ACTION ITEM:
Within the records that follow, restate exactly the lines from the line with "Straatbeeld van Hudsonstraat" down to the line with "Balanced Stone Coffee", including both. Omit the pictures.

SOURCE RECORDS:
==================================================
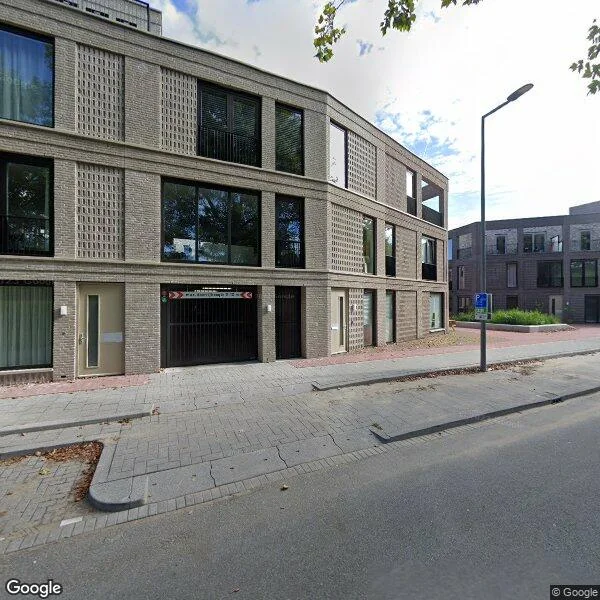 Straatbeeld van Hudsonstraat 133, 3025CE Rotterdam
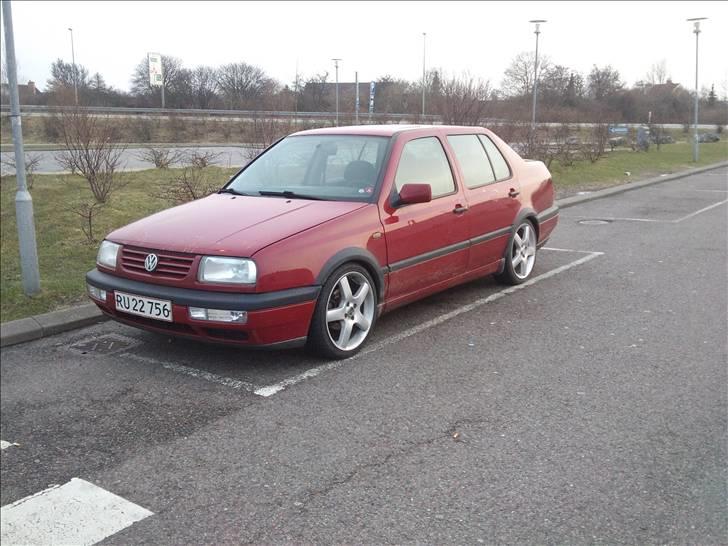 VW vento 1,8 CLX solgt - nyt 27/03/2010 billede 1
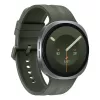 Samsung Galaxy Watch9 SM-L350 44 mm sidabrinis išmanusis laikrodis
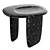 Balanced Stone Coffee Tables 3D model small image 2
==================================================
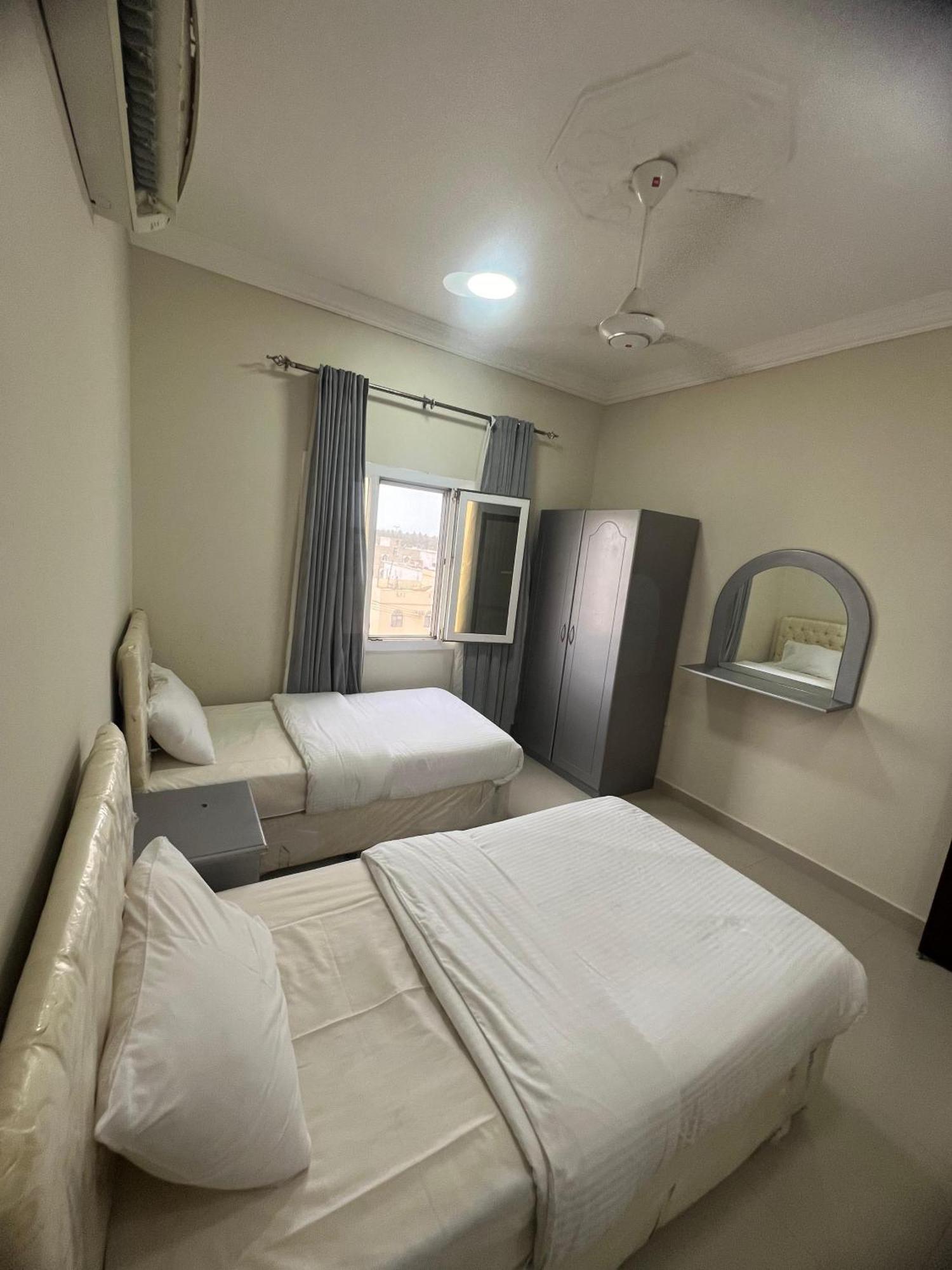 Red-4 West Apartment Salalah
==================================================
RESULT:
 Straatbeeld van Hudsonstraat 133, 3025CE Rotterdam
 VW vento 1,8 CLX solgt - nyt 27/03/2010 billede 1
 Samsung Galaxy Watch9 SM-L350 44 mm sidabrinis išmanusis laikrodis
 Balanced Stone Coffee Tables 3D model small image 2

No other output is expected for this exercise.